Other Commonwealth offences are heard in the state and territory courts. The Federal Court is to be invested with this jurisdiction because of its extensive experience with civil and quasi-criminal cartel cases under the current Trade Practices Act. However, I understand that, where prosecutions involve offences under both the cartel provisions and state or territory law or other Commonwealth offences to which this bill does not apply, state or territory superior courts will be able to hear those matters without the offences being disjoined.

The amendments proposed in this bill provide for the complex procedural framework required by the new jurisdiction, including the form of indictments, entry of pleas, bail, pretrial proceedings, empanelment of juries, conduct of trials, sentencing and appeals. The procedural provisions have been modelled upon existing state and territory provisions and will apply in all Federal Court trials, regardless of where the trial is being conducted. For consistency, in this area of law at least, this is preferable to applying the procedural and evidentiary provisions of the relevant state or territory.

While the criminalisation of serious cartel conduct and the creation of the framework to deal with it have the opposition’s support, we have serious reservations about two aspects of this bill. The first of these concerns the accused’s right to silence. Proposed section 23CF requires an accused who takes issue with a fact, matter or circumstance disclosed in the prosecution’s case to state the basis for doing so. This may compromise an accused’s right to silence. The justification stated in the explanatory memorandum is that this will permit the court to narrow the issues to be dealt with at trial. However, efficiency is not an adequate justification for dispensing with age-old rights, especially such important human rights as the right of an accused to remain silent. Alternatives exist, using the examples from other Australian jurisdictions. A provision such as that applicable in New South Wales could be adopted, which allows such a procedure unless it will cause prejudice to the defence. Alternatively, there should be no adverse consequences flowing from the accused’s nondisclosure, which is the practice in Victoria.

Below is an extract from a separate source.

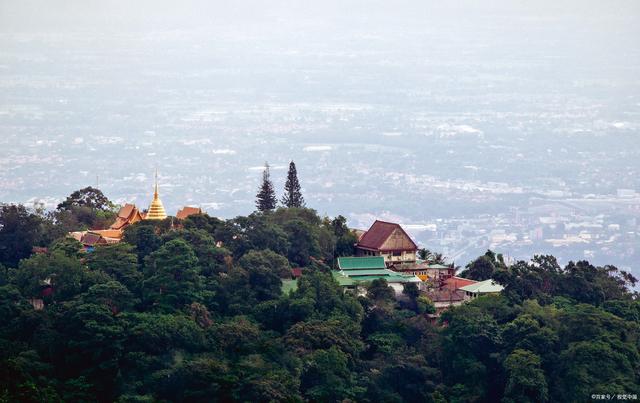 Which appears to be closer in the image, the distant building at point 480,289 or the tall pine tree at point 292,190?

The second issue concerns the presumption in favour of bail, which has also existed under our law since ancient times. The proposed section 58DA provides that, if the court refuses to grant bail, the accused cannot make a subsequent application unless there has been a significant change in circumstances. This is more onerous than the provisions applying in any other Australian jurisdiction. Proposed section 58DB is also silent as to whether there is any presumption in favour of bail. In other jurisdictions there is generally a presumption in favour of bail except in specific circumstances. There is also no provision in this bill for the court to provide reasons for refusing bail.

The right to silence and the presumption in favour of bail are among the individual human rights recognised and protected by our common law for centuries. For a government such as this one, which paints itself as having a human rights focus, it is curious to say the least that its first attempt at a federal criminal jurisdiction would seek to sweep away rights recognised since the Magna Carta.

This bill was referred to the Senate Standing Committee on Legal and Constitutional Affairs on 4 December 2008 for inquiry and report by 20 February 2009. Submissions have been received from, among others, the Attorney-General of New South Wales, the Law Council of Australia, the Law Institute of Victoria and the Criminal Bar Association of Victoria. Some of these submissions have been highly critical of the issues I have described.

The opposition will not deny this bill a second reading in this place. What we will do is await the full report and recommendations of the Senate committee, with the benefit of expert submissions, and seek in the Senate to achieve the appropriate balance in this bill.